O detalhe fundamental nesta história é a tecnologia – ou melhor, o uso que s Laid Back lhe deram. Nessa altura, contam, começavam a estar disponíveis em Copenhaga novos sintetizadores ou máquinas como a caixa de ritmos Roland 808, peça fundamental na história do hip hop e da música electrónica de dança. “Era novo equipamento e eram novos sons, o que para nós foi um alívio. Antes, era sempre tudo igual: baixo, bateria e guitarra. Para nós, representava liberdade. Os novos instrumentos libertaram-nos e deram-nos espaço”. Em Copenhaga, enfiados no estúdio, iam descobrindo e criando – ao mesmo tempo. Ilustram-no com a história do nascimento de Bakerman, o seu grande êxito de 1989. “Começámos a ‘groovar’ num ritmo, decidimos gravar e aconteceu exactamente enquanto gravámos. No final da fita, tínhamos Bakerman. Só assim é que faz sentido para nós. Directo do coração”.

Em Copenhaga, internet e comunicação instantânea como ideias de ficção científica, estavam isolados. Não tinham à sua volta ninguém a explorar a electrónica e desconheciam que, nos Estados Unidos, a house e o techno faziam o seu caminho. “Só tínhamos noção das coisas através das tabelas de venda.

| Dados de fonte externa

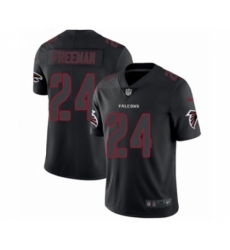 Men's Nike Atlanta Falcons #24 Devonta Freeman Limited Black Rush Impact NFL Jersey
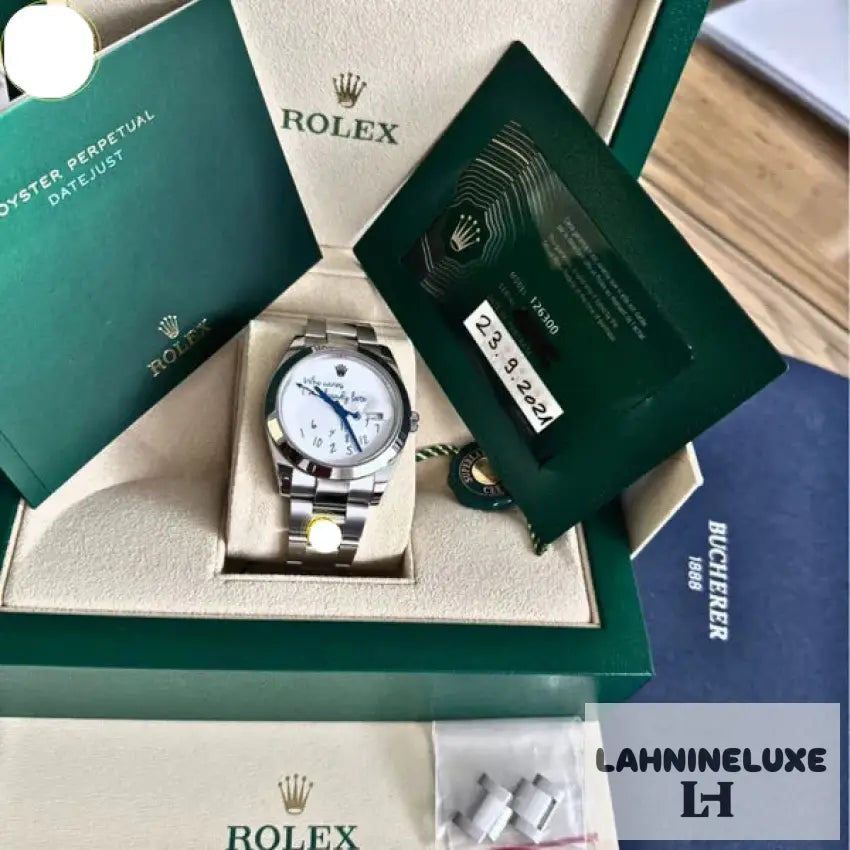 Rolex Datejust 41 Who cares I‘m already late Dial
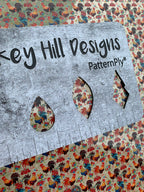 PatternPly® Scattered Roosters and Flowers sheet showing the pattern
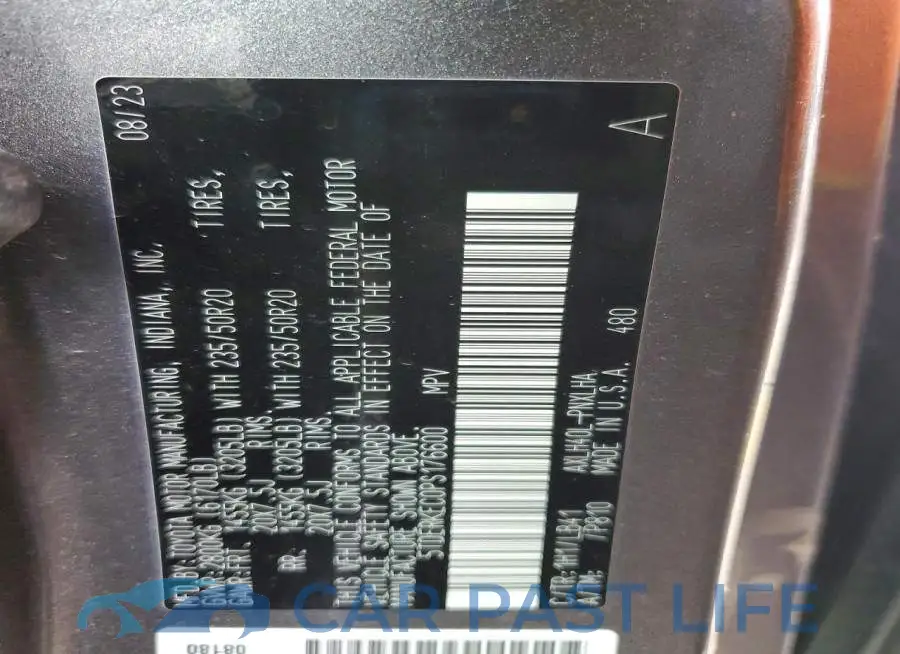 5TDERKEC0PS176600# 13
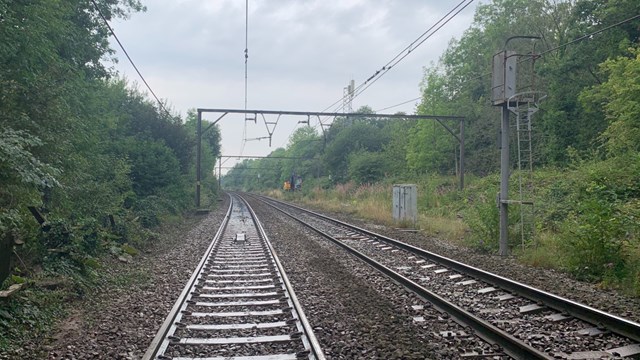 Railway reopens after Manchester burst water main damage repaired: Cleared track after flood water subsided from burst water main in Audenshaw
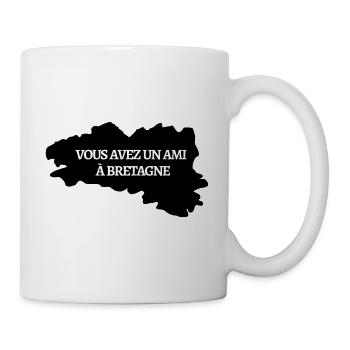 Vous avez un ami a Bretagne, Bretons Bretonnes - Mug blanc - blanc - Droite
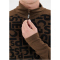 SLOPE Rei Printed 1/2-Zip Ski Langarmshirt Herren 1101 - slate black XS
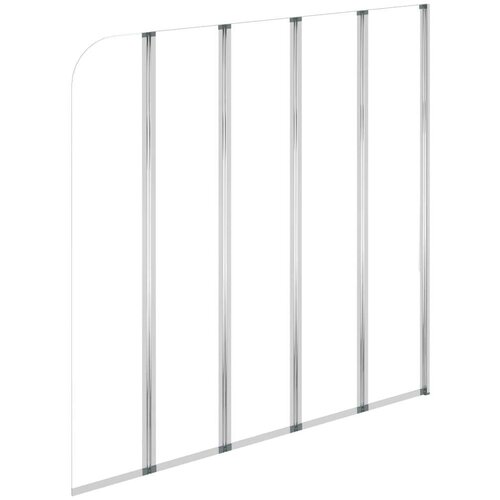VidaXL Tu&amp;scaron; stena za kopalno kad 120x140 cm kaljeno steklo prozorna Slike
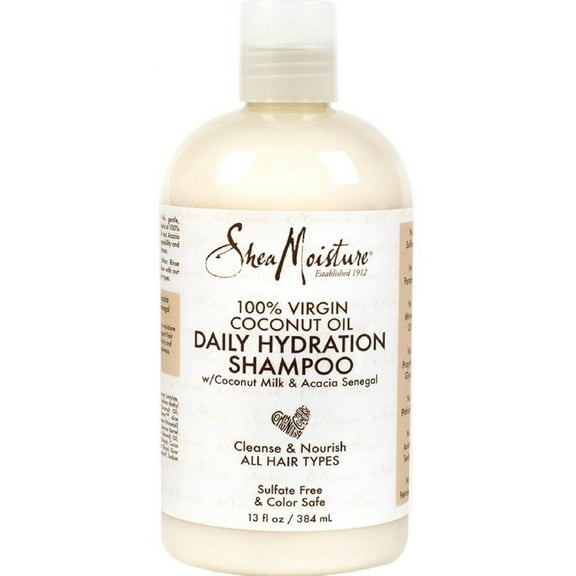 Shea Moisture 100% Virgin Coconut Oil Daily Hydration Shampoo 13 oz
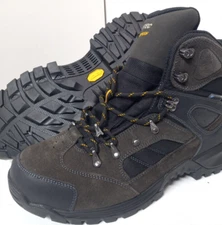 Hi-Tec Hitec Mount Diablo Black Rock Mens 11 M Waterproof Boots (eylet missing)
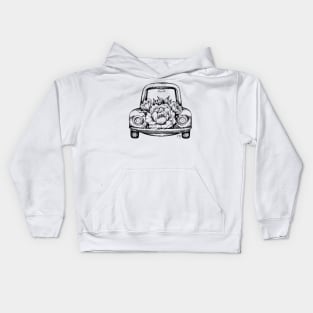 Floral Vintage Car I Kids Hoodie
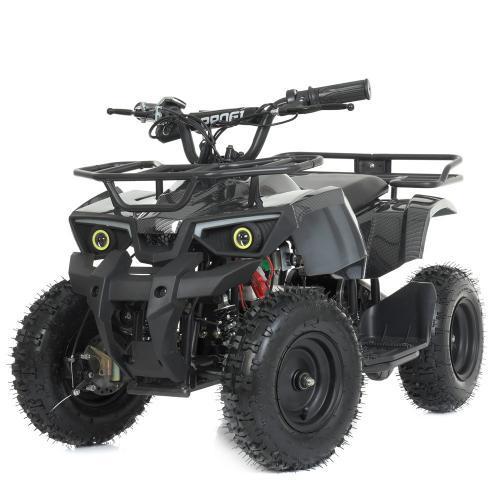 Дитячий квадроцикл (мотор 800W, 3акк12А/12V) Bambi HB-ATV800AS-19 Карбоновий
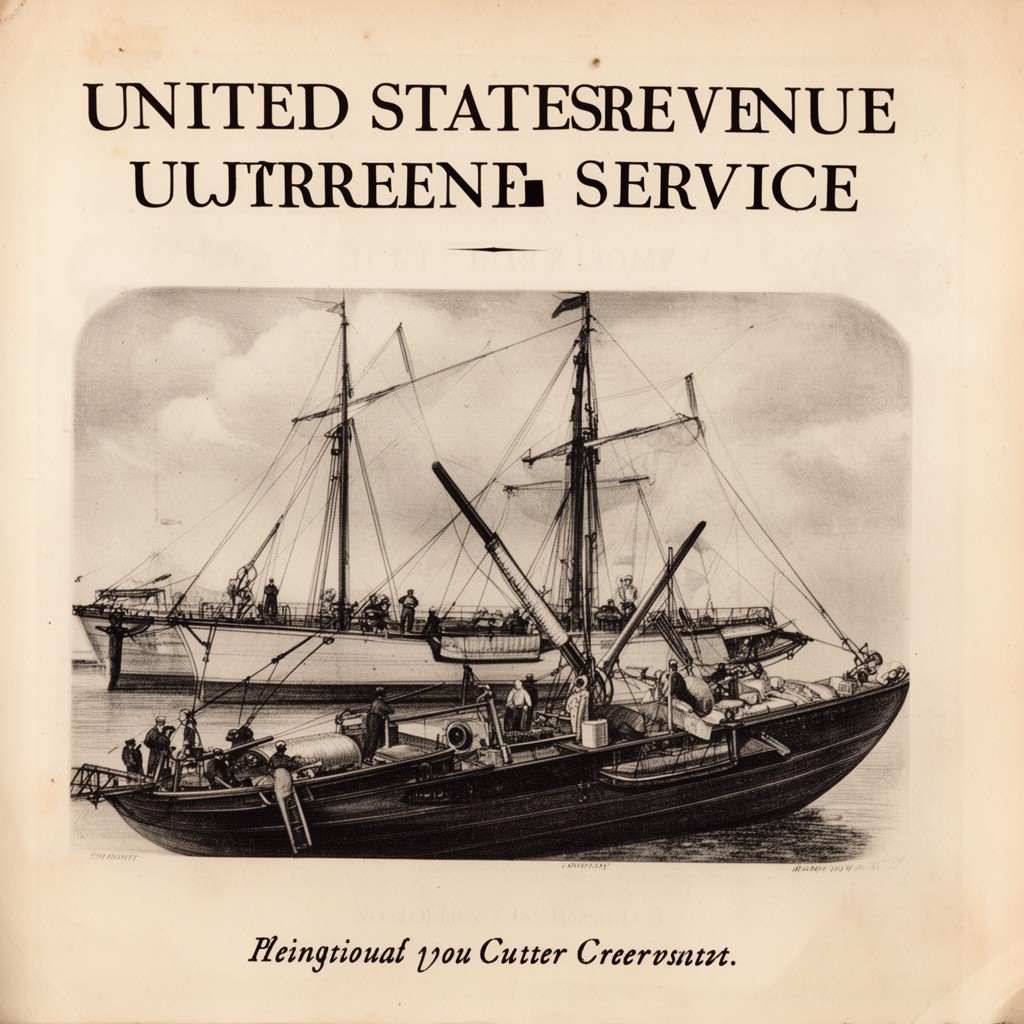 AI-generated illustration of United States Revenue Cutter Service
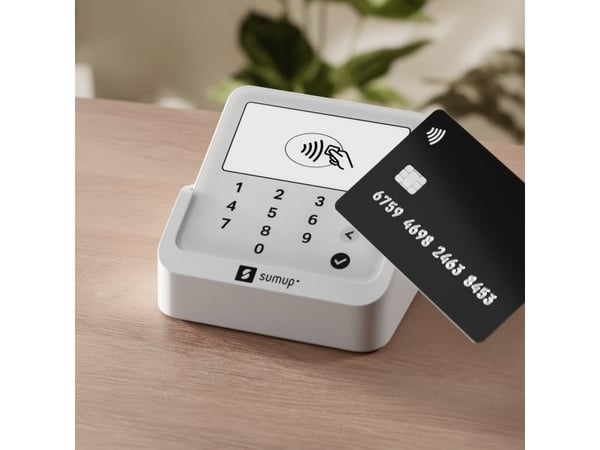 SumUp Solo Lite & Charging Station, Närfältskommunikation (NFC), Vit, 218 g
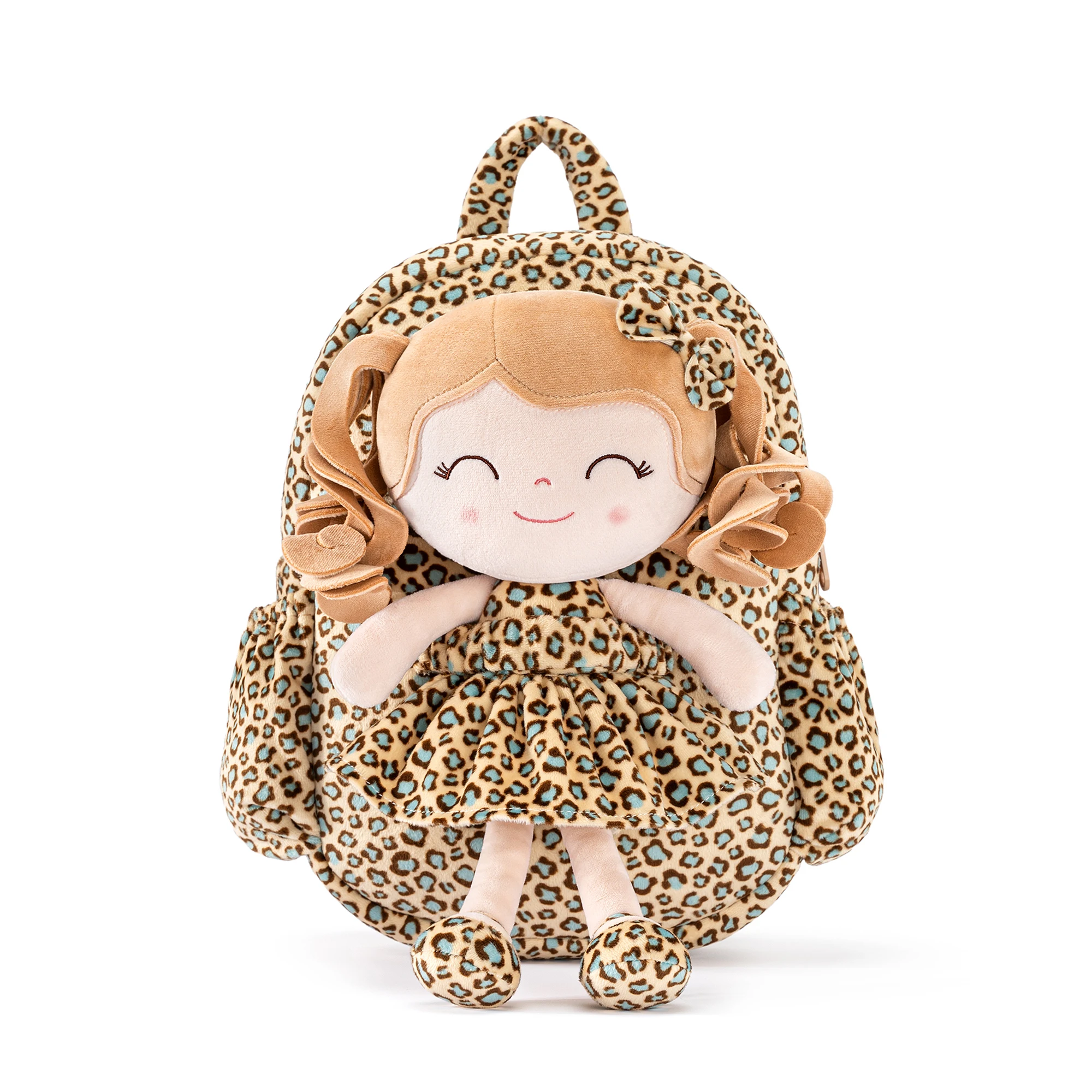 Gloveleya กระเป๋าเป้สะพายหลัง Plush กระเป๋าเป้สะพายหลังเด็กทารกกระเป๋าเด็กวัยหัดเดินกระเป๋าเป้สะพายหลังนุ่ม, กระเป๋าเป้สะพายหลังเด็กสําหรับอาบน้ําเด็กของขวัญเด็กผู้หญิง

Fora isso, não sabíamos nada do que se passava”. E assim, demoraram mais de uma década a perceber que White horse era uma música que fazia furor no underground americano e seria aproveitada por uma diversidade de outros artistas.

Hoje, acham curioso o caminho que a sua música foi fazendo: por um lado, são autores de canções pop imediatamente reconhecíveis para toda uma geração que crescia na década de 1980, por outro, são agora vistos como artífices inspirados da synth-pop e desse som electrónico, polvilhado de soft rock ou de dub, a que chamaram balearic beat.

Continuam a gravar no estúdio de sempre, tendo alargado o seu raio de acção para a criação de bandas sonoras. Continuam a fazer como sempre fizeram desde o tal concerto na primeira parte dos Kinks. Agora regressam a Portugal e, desta vez, vêm mesmo para tocar. Arriscamos que, daqui a vinte anos, ainda se lembrarão de ter passado por cá.